En España, un alumno aventajado de esta filosofía es el presidente del Gobierno, que del mismo modo que felicita cada año y sin ambages el Ramadán, no escatima en buscar subterfugios para no hacerlo en Navidad, a la que ha propuesto que se la denomine “fiesta del afecto”.
Todo esto es el triunfo de una visión adolescente y analfabeta, que falsamente en nombre del bien común, ataca a conciencia nuestras raíces. Sumergidos en el práctico multiculturalismo se nos pretende hacer creer que es buena idea arrugarnos para no avivar odios internacionales.
Estas modas a las que se apuntan los que desconocen y rechazan su historia son peligrosas, porque dan carta de naturaleza (y hasta justifican) el resentimiento de los que consideran a Occidente el culpable de todo lo que sucede. La reivindicación de la memoria, la cultura, el patrimonio y el pensamiento histórico y religioso es fundamental, propicia el sentimiento de pertenencia, y por extensión, el enraizamiento. Asimismo, negar que nuestra cultura está fundamentada en raíces cristianas y por tanto, defender que puede ofender a alguien, no es más que el anticlericalismo de siempre disfrazado de otra cosa.
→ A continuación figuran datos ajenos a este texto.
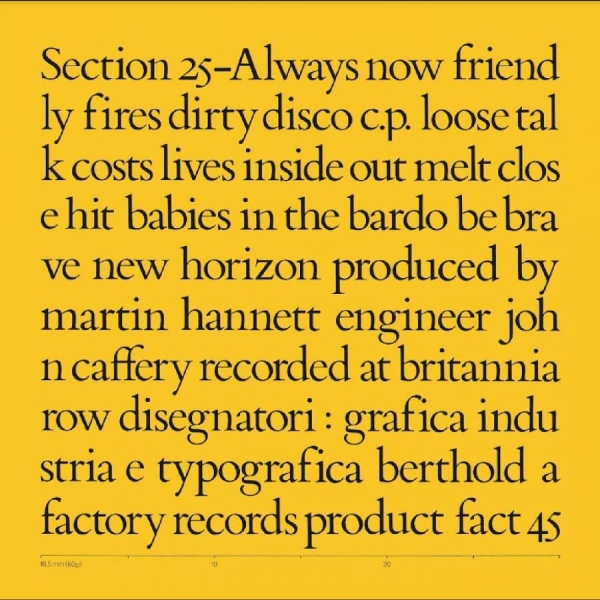 Section 25 - Always Now in der Gruppe CD / Bestseller bei Bengans Skivbutik AB (5688677)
Estamos ante una ofensiva contra valores que definen una forma de vivir, un concepto de persona, una idea de libertad.
Que un país sea laico (por cierto, el término es una palabra cristiana que sólo distingue el ámbito propio de los que no son sacerdotes) no puede significar que la religión no sea algo positivo. De hecho, esta, es un fenómeno que hace mejor a la persona y a la sociedad, independientemente de que no se profese ninguna.
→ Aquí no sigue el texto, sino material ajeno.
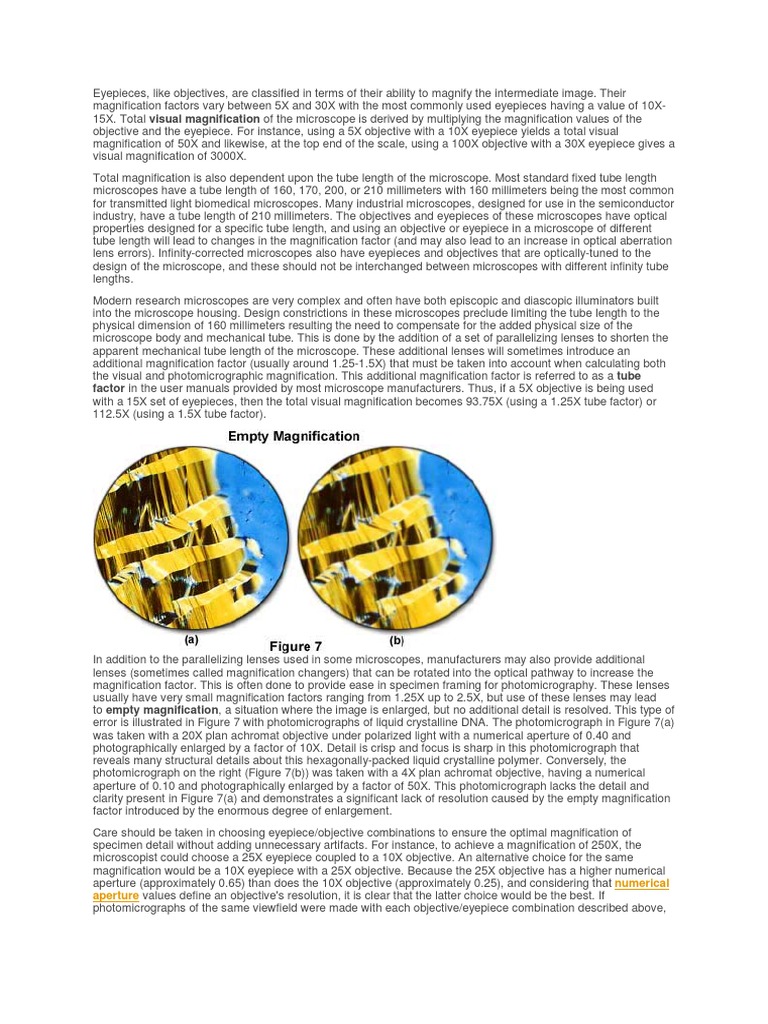 Userful Magnfication | PDF | Lenses | Lens (Optics)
Lo único importante es que a pesar de los intentos por silenciarla, o por cambiar su verdadero sentido, la Navidad es la invitación a anunciar en medio del mundo que Dios ha nacido. Su presencia trae esperanza a la tierra, nos llena de ánimo y de paz. Contemplando al Niño nacido en Belén, vemos a quien se despojó de su gloria divina para hacerse pobre y amar al hombre sin protagonismo. Siguiendo a san León Magno, “alegrémonos, hoy ha nacido nuestro Salvador. No puede haber lugar para la tristeza cuando acaba de nacer la vida”. Para todos, ¡Feliz y Santa Navidad!